# PCA from decimated data (per time point)

Starting from the **decimated** disruptive and clear shots, fit **PCA per time index** (across the 160 channels), keep the **top N** components, and save the reduced data as `*_pca` (e.g. `dsrpt_decimated_pca`, `clear_decimated_pca`).
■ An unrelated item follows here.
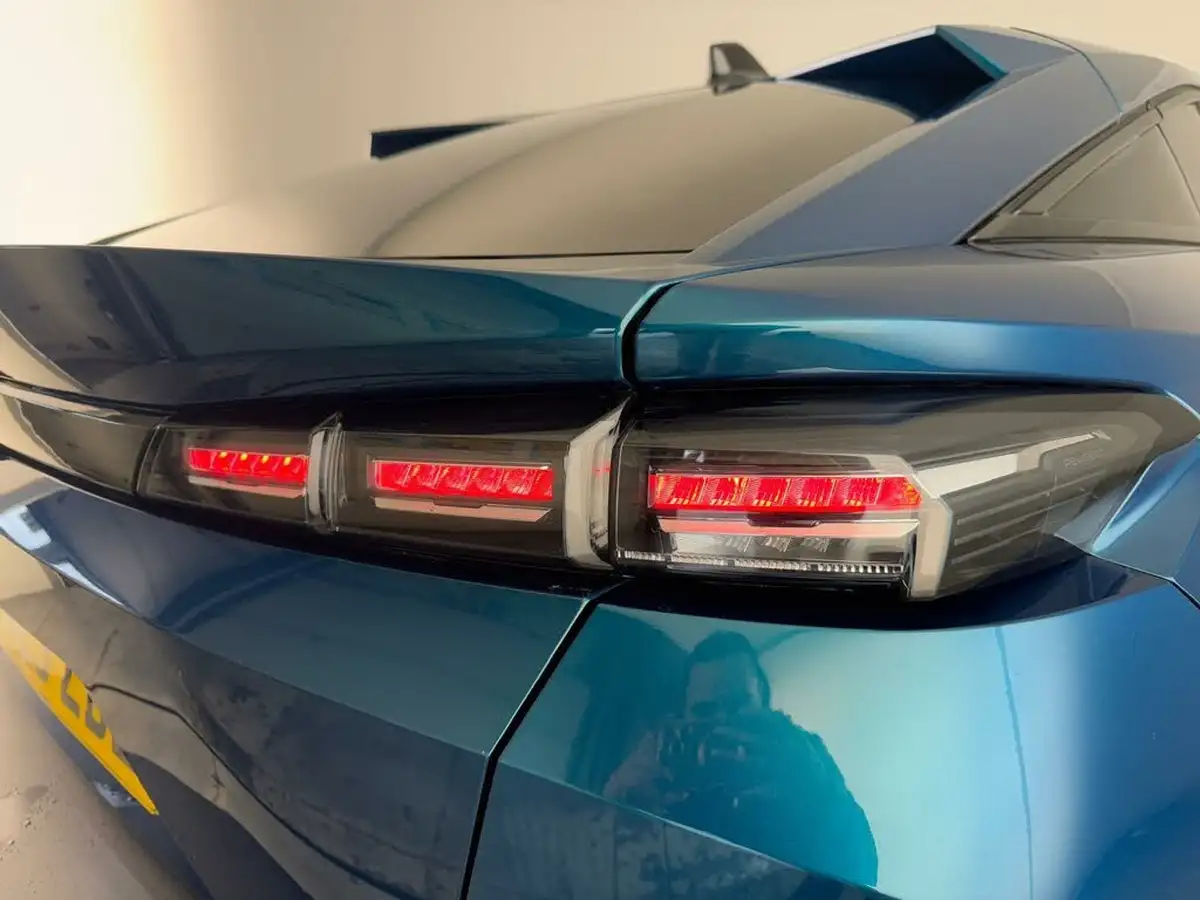 2023-peugeot-408-12-puretech-allure-premium-big-36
- At each time index `t`, we collect the 160-D vector from every shot that has length > t, fit PCA, keep top N.
- Each shot is then transformed to shape `(N, T_shot)` and saved.
- Requires decimated data to exist (run preprocessing_viz 4b first, or point to existing decimated dirs).

In [None]:
import numpy as np
import pandas as pd
import h5py
from pathlib import Path
from sklearn.decomposition import PCA
from tqdm import tqdm

# Paths — decimated inputs (disruptive + clear)
DECIMATED_ROOT = Path('/home/idies/workspace/Storage/yhuang2/persistent/ecei/dsrpt_decimated')
CLEAR_DECIMATED_ROOT = Path('/home/idies/workspace/Storage/yhuang2/persistent/ecei/clear_decimated')
# Outputs (will be created)
OUT_DSRPT_PCA = DECIMATED_ROOT.parent / 'dsrpt_decimated_pca'
OUT_CLEAR_PCA = DECIMATED_ROOT.parent / 'clear_decimated_pca'

N_COMPONENTS = 16   # top N PCA components per time point (1–160)
CHANNELS = 20 * 8   # 160

## 1. List shots and their lengths

In [None]:
def get_shot_lengths(root: Path) -> dict[int, int]:
    """Return {shot_id: T} for each .h5 in root."""
    out = {}
    for p in root.glob('*.h5'):
        if not p.stem.isdigit():
            continue
        shot = int(p.stem)
        with h5py.File(p, 'r') as f:
            T = f['LFS'].shape[-1]
        out[shot] = T
    return out

dsrpt_lengths = get_shot_lengths(DECIMATED_ROOT) if DECIMATED_ROOT.exists() else {}
clear_lengths = get_shot_lengths(CLEAR_DECIMATED_ROOT) if CLEAR_DECIMATED_ROOT.exists() else {}
print(f'Disruptive: {len(dsrpt_lengths)} shots')
print(f'Clear:      {len(clear_lengths)} shots')
if dsrpt_lengths:
    Ts = list(dsrpt_lengths.values())
    print(f'  Disruptive T: min={min(Ts)}, max={max(Ts)}')
if clear_lengths:
    Ts = list(clear_lengths.values())
    print(f'  Clear T:      min={min(Ts)}, max={max(Ts)}')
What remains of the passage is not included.